- Problem:
Set down every entry again exactly as it stands below.

[Caption-style text data]
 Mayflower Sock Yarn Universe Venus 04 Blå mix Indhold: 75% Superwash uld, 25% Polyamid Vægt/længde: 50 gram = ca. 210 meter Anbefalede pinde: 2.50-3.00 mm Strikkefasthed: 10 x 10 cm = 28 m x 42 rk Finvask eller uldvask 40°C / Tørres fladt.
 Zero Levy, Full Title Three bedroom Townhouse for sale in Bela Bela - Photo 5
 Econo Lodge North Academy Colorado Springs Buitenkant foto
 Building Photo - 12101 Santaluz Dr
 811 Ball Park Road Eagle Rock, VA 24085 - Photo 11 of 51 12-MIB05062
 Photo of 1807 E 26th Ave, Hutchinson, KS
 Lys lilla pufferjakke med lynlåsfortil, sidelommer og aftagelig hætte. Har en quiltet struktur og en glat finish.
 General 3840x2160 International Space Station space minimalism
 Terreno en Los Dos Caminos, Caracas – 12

- Result of the task:
 Mayflower Sock Yarn Universe Venus 04 Blå mix Indhold: 75% Superwash uld, 25% Polyamid Vægt/længde: 50 gram = ca. 210 meter Anbefalede pinde: 2.50-3.00 mm Strikkefasthed: 10 x 10 cm = 28 m x 42 rk Finvask eller uldvask 40°C / Tørres fladt.
 Zero Levy, Full Title Three bedroom Townhouse for sale in Bela Bela - Photo 5
 Econo Lodge North Academy Colorado Springs Buitenkant foto
 Building Photo - 12101 Santaluz Dr
 811 Ball Park Road Eagle Rock, VA 24085 - Photo 11 of 51 12-MIB05062
 Photo of 1807 E 26th Ave, Hutchinson, KS
 Lys lilla pufferjakke med lynlåsfortil, sidelommer og aftagelig hætte. Har en quiltet struktur og en glat finish.
 General 3840x2160 International Space Station space minimalism
 Terreno en Los Dos Caminos, Caracas – 12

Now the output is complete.